Namun Bu Mirna hanya diam saja. Sama sekali tidak menggubris Pak Arya. Namun perlahan tangannya memegang tangan Pak Arya yang sedang mengusap bahunya. Betapa terkejutnyanya Pak Arya melihat tangan Bu Mirna putih pucat dengan kuku tangan hitam dan sedikit terluka. Tiba-tiba...
“Pa, ternyata kamu disini, Mama cariin di kamar lho.” Suara Bu Mirna terdengar sangat dekat di belakang tubuh Pak Arya.
Pak Arya terkejut, hingga badannya berjingkat dan tersentak, suara nafasnya berat. Dia memberanikan diri, perlahan memalingkan wajahnya ke belakang.
“Astagfirullahalazim.” Pak Arya dian kembali menoleh ke arah kursi tadi. Sosok tadi sudah tidak ada.
“Ada apa e ,Pak? Kok seperti kebingungan gitu?”
“Engga kok Ma, Nggak apa-apa. Cuma kaget aja Mama tiba-tiba datang.” Sangkal Pak Arya dengan mata tetap berpendar mencari sosok yang mirip dengan Bu Mirna.
“Siapa tadi itu kalau bukan Mirna?” batin Pak Arya penasaran.
“Pa, kita istirahat dulu yuk.

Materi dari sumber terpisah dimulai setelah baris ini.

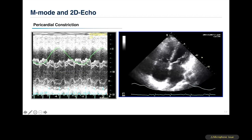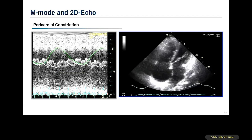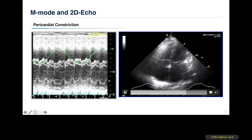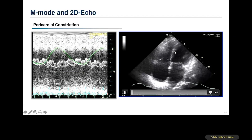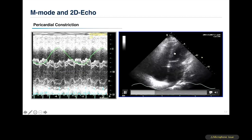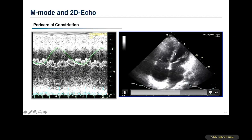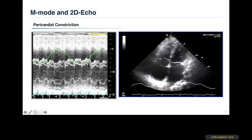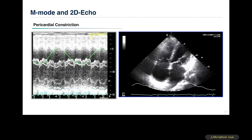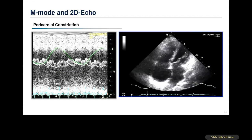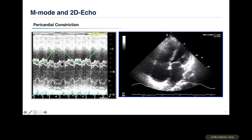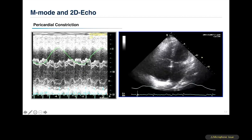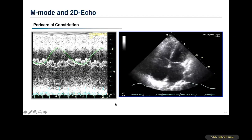Both components can be recognized on 2D echocardiogram — the respiratory back-and-forth motion plus the very high-frequency shutter-like movement during each cardiac cycle, which is better recognized on M-mode echo. In the current era, M-mode echo continues to be used for understanding this abnormal septal motion in constrictive pericarditis, providing much better temporal resolution.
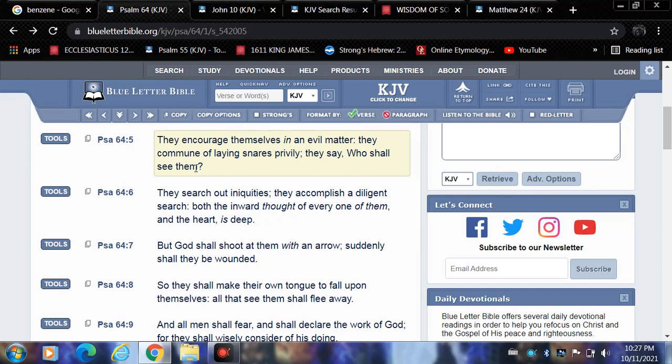Verse 8: So they shall make their own tongue to fall upon themselves. We see that whistleblowers, Esau and their whistleblowing, telling on themselves. All that see them shall flee away. All that recognize their wickedness and their agenda is going to ultimately try and distance themselves from what Esau is doing.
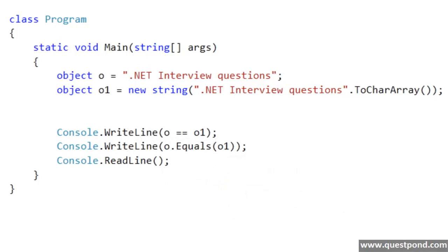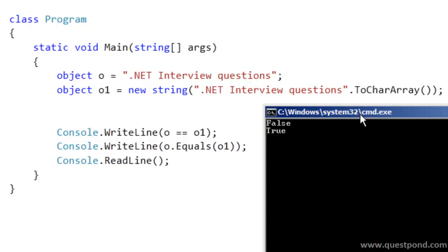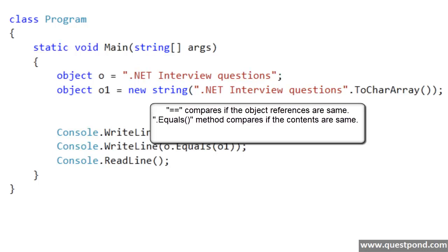In this scenario the equal to equal to comparison should return false, and when we use the dot equals method it should return true. Why? Because the content is same but the object references are different. If we do a Ctrl+F5 and watch the output, the equal to equal to comparison is showing false because we have different object references, but the dot equals comparison is showing true because the content is the same — .NET InterviewQuestions and .NET InterviewQuestions. When you want to do object reference comparison use the equal to equal to sign, but if you want to check if the contents are same, use the .equals method.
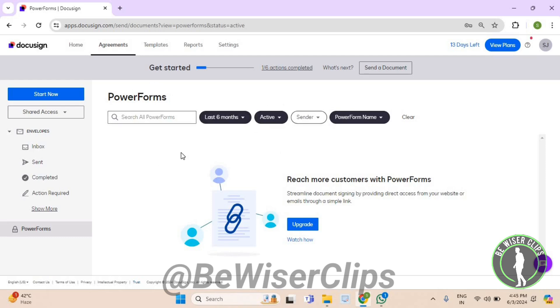Right here on DocuSign, so that's how you can do it and that's it for the video. If you find this video helpful, then make sure to share this video with your family and friends and also subscribe to our channel for more such content. Thanks for watching.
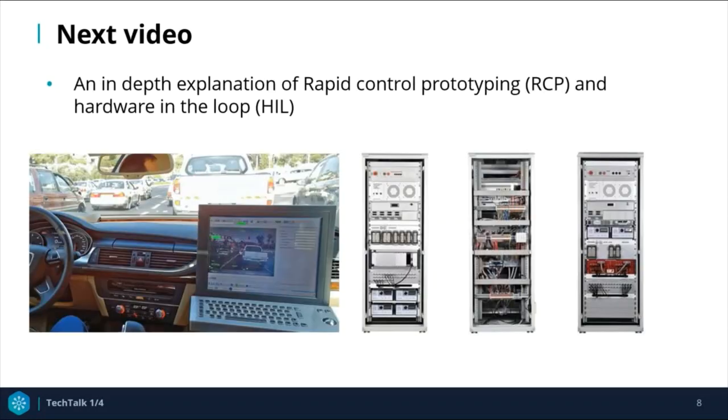This concludes the introduction to real-time simulation. We will be discussing rapid control prototyping and hardware-in-the-loop testing in detail in the next two videos. Thank you for watching.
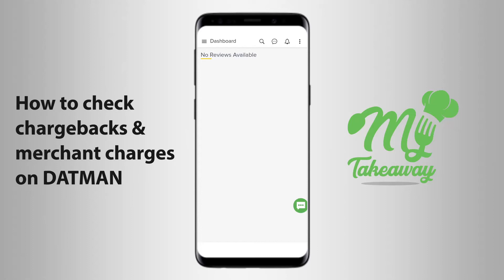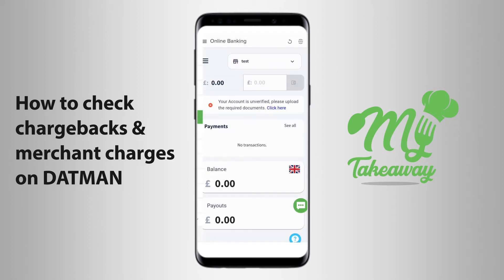You can use the My Takeaway application to check the merchant charges and chargebacks on your Datman account. To do so, you click on the three lines next to the word Dashboard and choose Online Banking. Once you've signed into your Datman account and find yourself on the homepage of the screen,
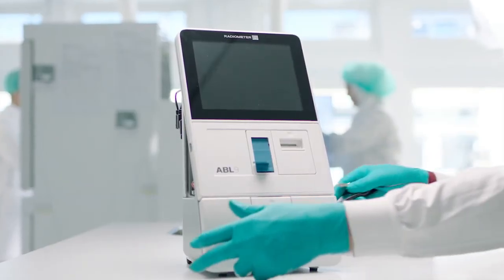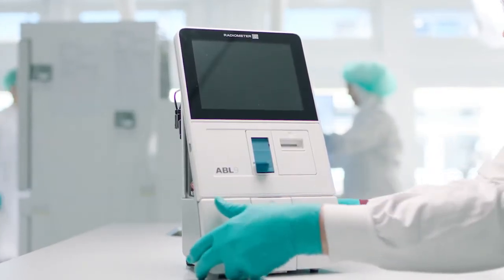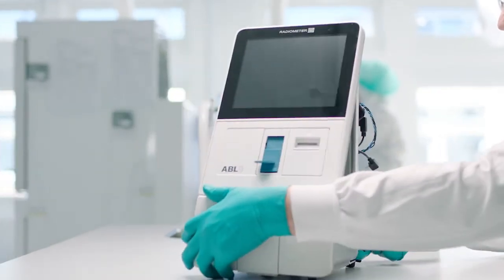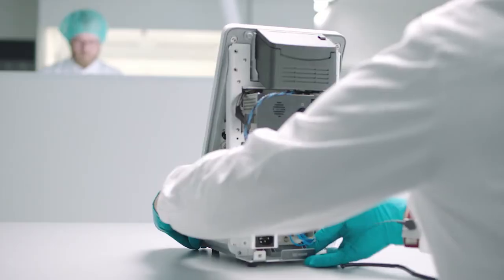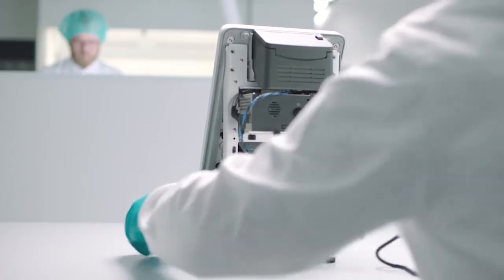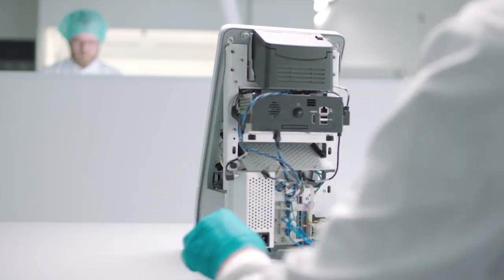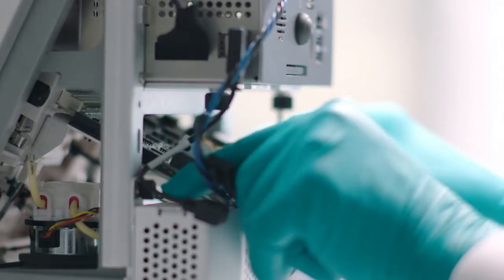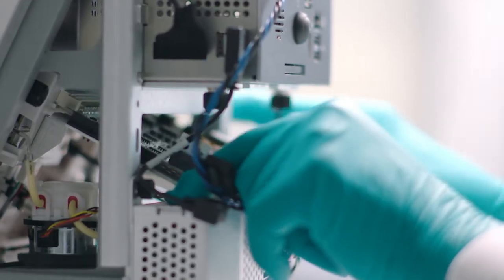That's what Radiometer's renowned engineers in the US and Europe did. Using proven thick film sensor technology, they reimagined the blood gas analyzer.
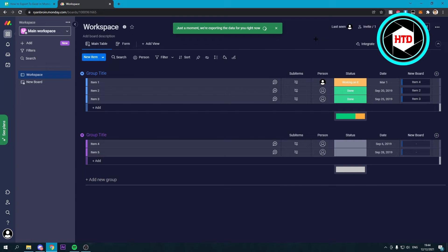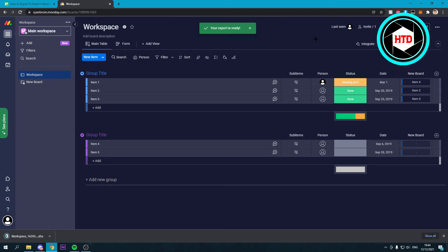I believe it will take a bit of time when you have a pretty big board with lots of stuff in there. But if it's just a small one, then hopefully it shouldn't take that long. And now it says your export is ready.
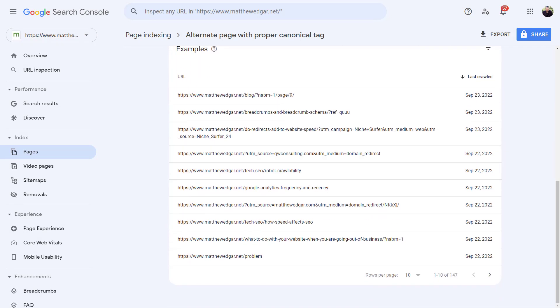When you look at the affected pages, you need to ask if these pages are legitimately excluded, or if Google has made a mistake excluding these pages from the index. Looking at this set of URLs excluded because of the alternate page with proper canonical tag reason, we can see that Google seems to be making the right call here. There are URLs missing trailing slashes or with parameters, and therefore not the canonical version of the URL. We don't want that page in the index.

Udah jam segini.” Bu Mirna mengarahkan jari telunjuknya ke jam dinding yang menunjukkan sudah pukul 22.50 WIB.
“Bu, Aku sama Mas Arya istirahat dulu ya.” Tangan Bu Mirna mengelus dahi Nenek Iroh.
Mereka keluar dari kamar nenek iroh, kemudian menutup pintunya dengan pelan-pelan.
***
“Reeeeinaaa-Reinaaaa.”
“Reeeiiinaaa.”
Terdengar suara sosok itu memanggilnya. Selimut Reina seperti ada yang menarik dari bawah kakinya.
“Aaarrgh.” Jerit reina tertahan, dia terbangun dari tidurnya. Jantungnya berhenti seperti sudah tidak berfungsi, dadanya sesak dan nafasnya terdengar pendek.
"Reeiiinaaaa."
Sayup-sayup suara itu kembali terdengar. Reina mengambil bantal untuk menutupi telinganya agar tidak lagi bisa mendengar suara itu, namun percuma.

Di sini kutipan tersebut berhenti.